As you start climbing up to the first of the granite domes that is Mount Cuthbert you start seeing Wandoo and a similar looking trees called Butter Gums that have a whiter colour when the bark is fully shed. After a long downhill from the campsite it's a bit of a shock coming to an uphill bit, the first of two climbs for the section. This first one isn't so bad and there used to an arrow on a bare piece of rock but someone has spoiled the fun and dispersed the rocks everywhere. You exit the forest and are greeted with a large granite dome that you must scale in order to reach some of the best views of the day. Coming down this section on a group hike I was leading someone asked me if I was worried about carrying my camera in case I slipped and it smashed. Not long after I slipped on some black granite and showed them my technique for keeping the camera safe but my arms came away with superficial grazes. If you're wary of the slippery black granite then picking your way up here by following the navigational cairns will lead you all the way to the gnamma pools and expansive views from the granite platform. This is one of my favourite places on the Bibbulmun Track and maybe even in the Perth Hills. Rain, hail or shine I'm always in awe when I reach this bit and as you can see I have a good variety of photos from various times and conditions.
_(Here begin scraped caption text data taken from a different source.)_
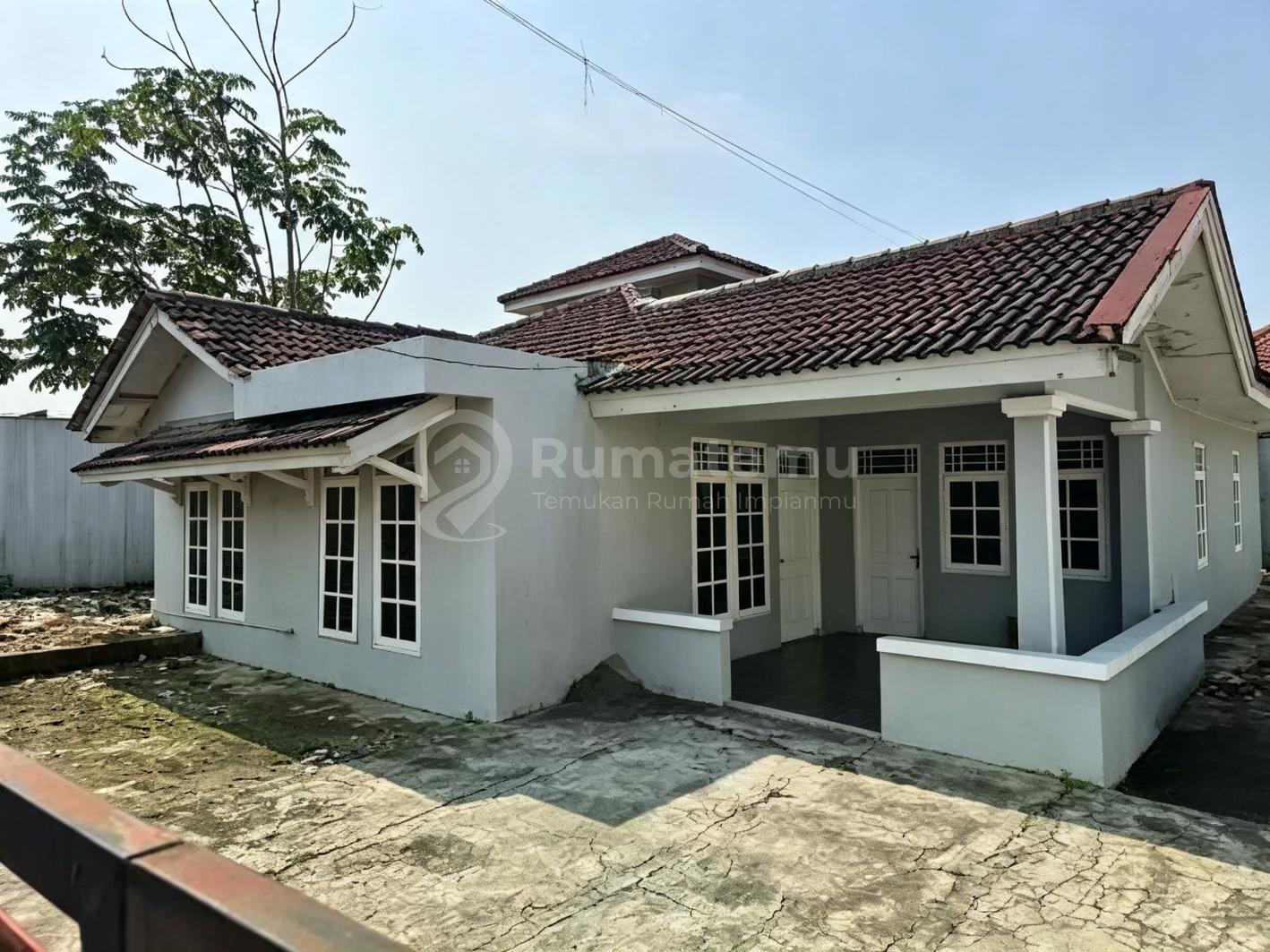 Rumah 1 Lantai 5 Kamar Tidur SHM bisa KPR Bank Pamulang Barat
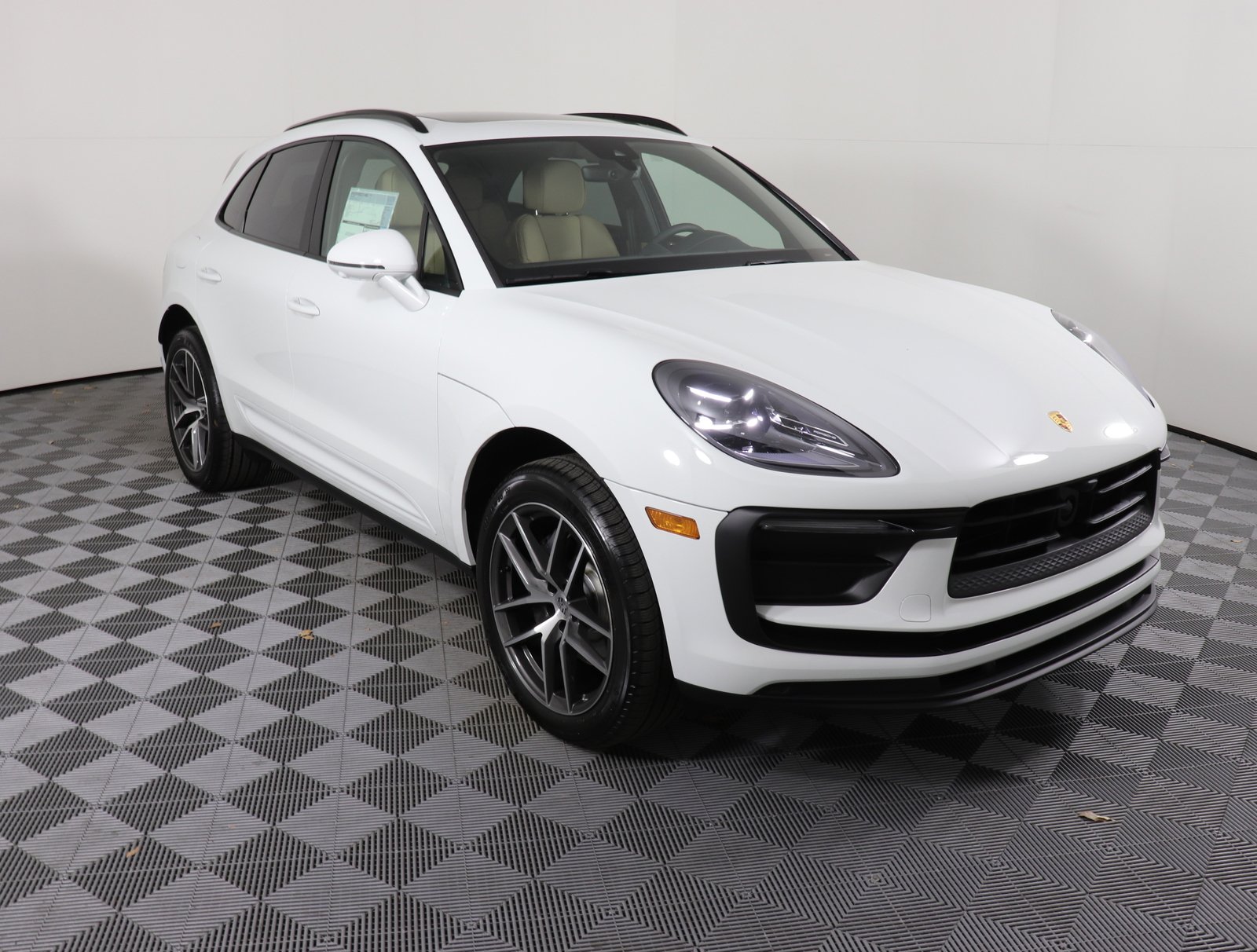 Certified 2024 Porsche Macan Base with VIN WP1AA2A52RLB03082 for sale in Brentwood, TN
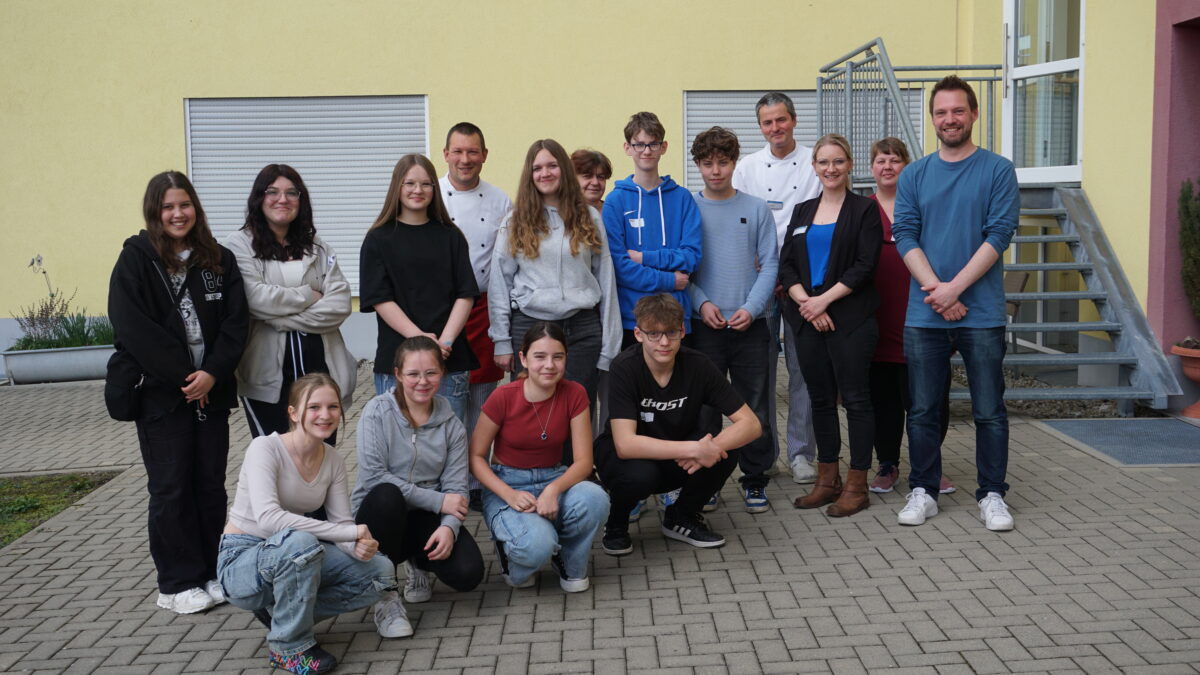 Schüler lernen die verschiedenen Berufe im Seniorenheim Haus Steinwaldblick kennen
A surreal experience was coming up here in early January to show an international visitor the area and the view back to Mount Cooke was just a white blanket of fog including Mount Cooke itself doing a very good impression of Mt Fuji (see photo gallery above). The tiny speck to the north that I always refer to as Mount Doom is actually Mount Dale that you had the option of visiting a few days prior. It's fun to look back and see how far you've come and also look out towards Mount Cooke and the hills leading into Dwellingup. I've seen sunrises and sunsets from up here and the changing colours of the sky as you stare out to the endless horizon to the north and to the east is breath-taking. Seeing nothing but forest leading all the way out to the horizon is a magical sight, even though knowing the massive land clearing that has occurred in the wheatbelt area ruins the endless forest fantasy. Exploring the gnamma pools in winter and spring is really cool, especially when the sundews are glistening in the moss (please stay off the moss as it is very sensitive). In the warmer months if you're quick enough you'll see the Ornate Crevice Dragons scuttling across the granite from their warm places in the sun to the safety of rock ledges or cairns. They are fast little creatures and it's fun to say that dragons live in these hills, even if they are tiny dragons.